Having such separate and individually cleanable areas allows for a multitude of different algorithms that have come a long way in improving the performance of the GC.

This is not to say there are no issues with such an approach. For one, objects from different generations may in fact have references to each other that also count as ‘de facto’ GC roots when collecting a generation.

But most importantly, the generational hypothesis may in fact not hold for some applications. Since the GC algorithms are optimized for objects which either ‘die young’ or ‘are likely to live forever’, the JVM behaves rather poorly with objects with ‘medium’ life expectancy.

Memory Pools

The following division of memory pools within the heap should be familiar. What is not so commonly understood is how Garbage Collection performs its duties within the different memory pools. Notice that in different GC algorithms some implementation details might vary but, again, the concepts in this chapter remain effectively the same.

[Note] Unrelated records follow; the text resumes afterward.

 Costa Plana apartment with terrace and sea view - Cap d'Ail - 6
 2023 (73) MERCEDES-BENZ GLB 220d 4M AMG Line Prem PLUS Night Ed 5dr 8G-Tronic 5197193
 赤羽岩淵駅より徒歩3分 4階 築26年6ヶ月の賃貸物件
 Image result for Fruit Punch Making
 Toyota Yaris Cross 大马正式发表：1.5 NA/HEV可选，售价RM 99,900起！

memory pools inside heap consisting of eden, survivor and old spaces

Eden

Eden is the region in memory where the objects are typically allocated when they are created. As there are typically multiple threads creating a lot of objects simultaneously, Eden is further divided into one or more Thread Local Allocation Buffer (TLAB for short) residing in the Eden space. These buffers allow the JVM to allocate most objects within one thread directly in the corresponding TLAB, avoiding the expensive synchronization with other threads.

When allocation inside a TLAB is not possible (typically because there’s not enough room there), the allocation moves on to a shared Eden space. If there’s not enough room in there either, a garbage collection process in Young Generation is triggered to free up more space. If the garbage collection also does not result in sufficient free memory inside Eden, then the object is allocated in the Old Generation.

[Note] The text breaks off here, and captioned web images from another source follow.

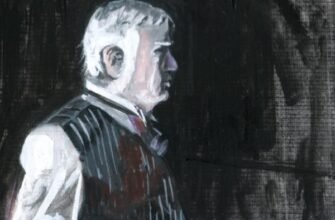 «Із пекла. Колекційне видання. Том 3» Алан Мур
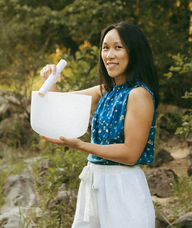 Book an Appointment with Kerrie Chen for Reiki Energy Healing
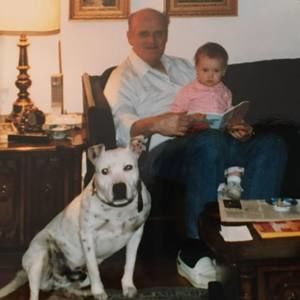 Meet your Posher, Alexandra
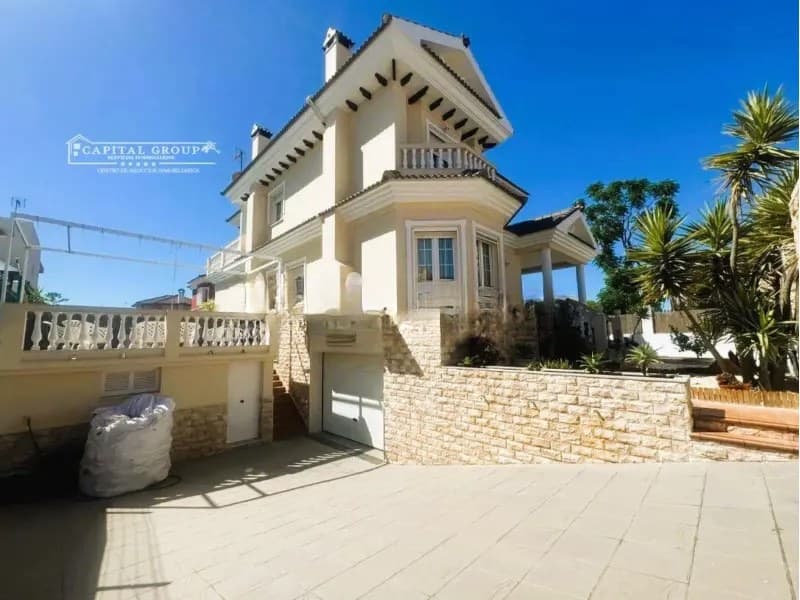 Casa/Chalet en Huelva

When Eden is being collected, GC walks all the reachable objects from the roots and marks them as alive.

We have previously noted that objects can have cross-generational links so a straightforward approach would have to check all the references from other generations to Eden. Doing so would unfortunately defeat the whole point of having generations in the first place. The JVM has a trick up its sleeve: card-marking. Essentially, the JVM just marks the rough location of ‘dirty’ objects in Eden that may have links to them from the Old Generation. You can read more on that in Nitsan’s blog entry.

TLAB used in Eden

After the marking phase is completed, all the live objects in Eden are copied to one of the Survivor spaces. The whole Eden is now considered to be empty and can be reused to allocate more objects. Such an approach is called “Mark and Copy”: the live objects are marked, and then copied (not moved) to a survivor space.

Survivor Spaces

Next to the Eden space reside two Survivor spaces called from and to. It is important to notice that one of the two Survivor spaces is always empty.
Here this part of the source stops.